_Stored data entries_:

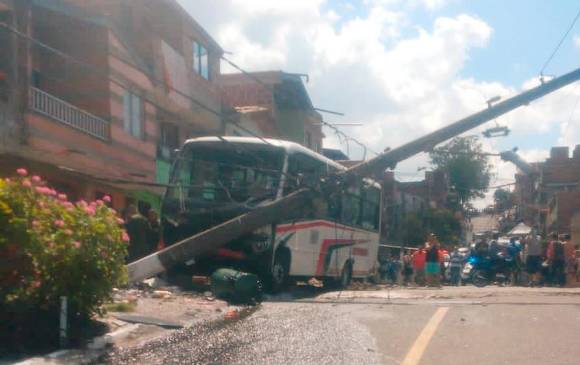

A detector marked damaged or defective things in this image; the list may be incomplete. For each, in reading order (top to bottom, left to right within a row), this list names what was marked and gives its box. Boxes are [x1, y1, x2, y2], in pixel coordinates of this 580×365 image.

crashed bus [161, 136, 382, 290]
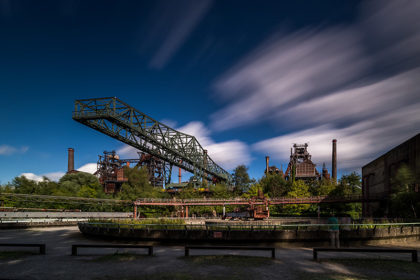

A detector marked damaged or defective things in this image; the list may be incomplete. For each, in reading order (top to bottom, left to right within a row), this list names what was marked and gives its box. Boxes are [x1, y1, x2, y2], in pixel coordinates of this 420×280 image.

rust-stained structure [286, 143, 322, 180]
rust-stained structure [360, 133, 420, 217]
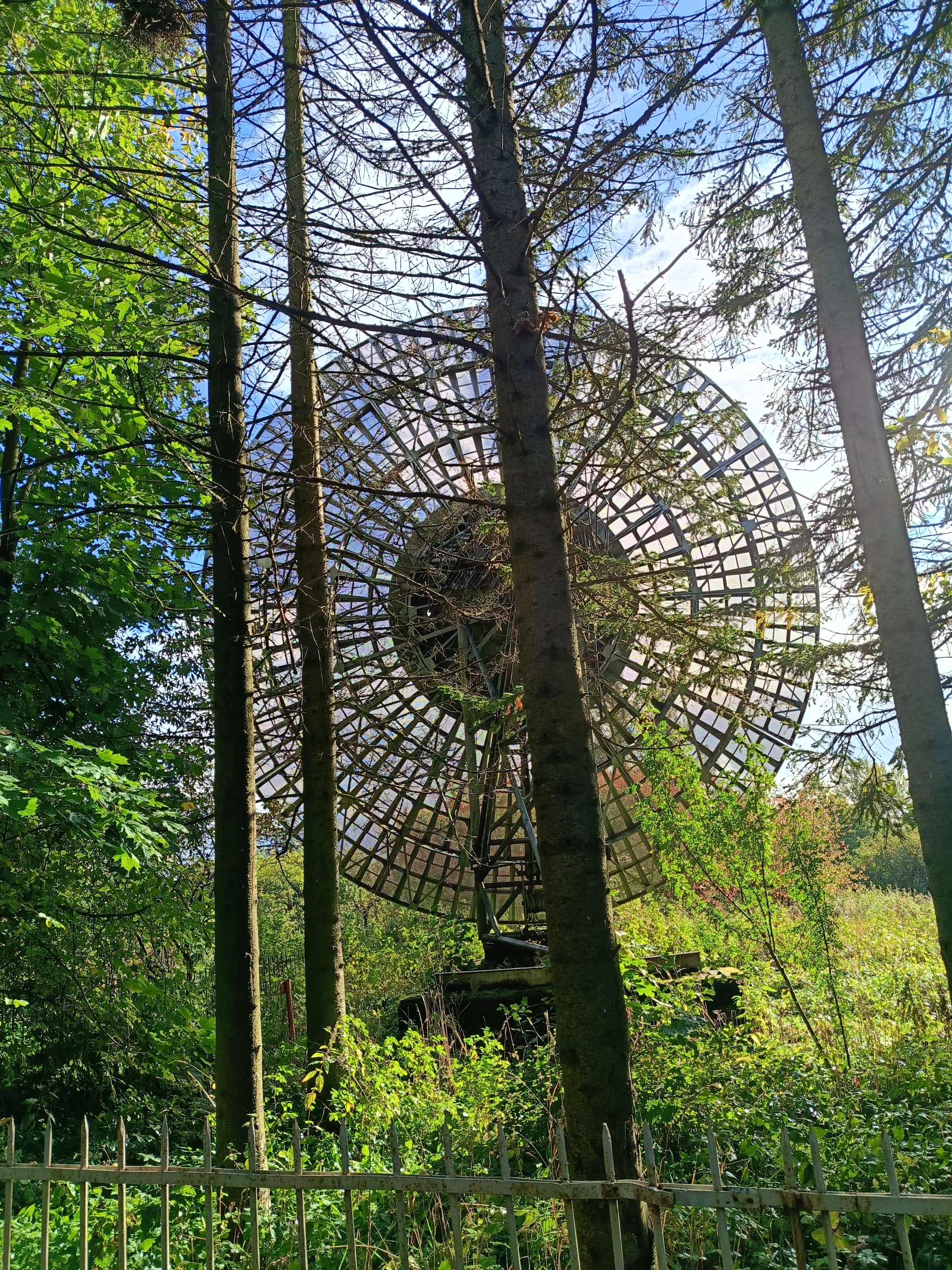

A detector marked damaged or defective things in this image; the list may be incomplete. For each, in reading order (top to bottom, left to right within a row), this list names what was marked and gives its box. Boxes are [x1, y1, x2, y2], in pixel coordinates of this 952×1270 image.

_ACTIVITY_: All of the entries above are to be transcribed word for word, with no pictures included.

_EXERCISE OUTPUT_:
A detector marked damaged or defective things in this image; the list may be incomplete. For each, in reading order (top to bottom, left to right within a row), this list names what was marked and gives its box. Boxes are [x1, y1, x2, y2], in pixel coordinates of this 580×365 image.

crashed bus [161, 136, 382, 290]

A detector marked damaged or defective things in this image; the list may be incomplete. For each, in reading order (top to bottom, left to right within a row), this list names what was marked and gives its box. Boxes are [x1, y1, x2, y2], in pixel coordinates of this 420×280 image.

rust-stained structure [286, 143, 322, 180]
rust-stained structure [360, 133, 420, 217]

A detector marked damaged or defective things in this image; the list may be incomplete. For each, in reading order (top to bottom, left to right within a row), this list names what was marked and gives its box. Boxes are [x1, y1, x2, y2], in pixel coordinates of this 952×1270 image.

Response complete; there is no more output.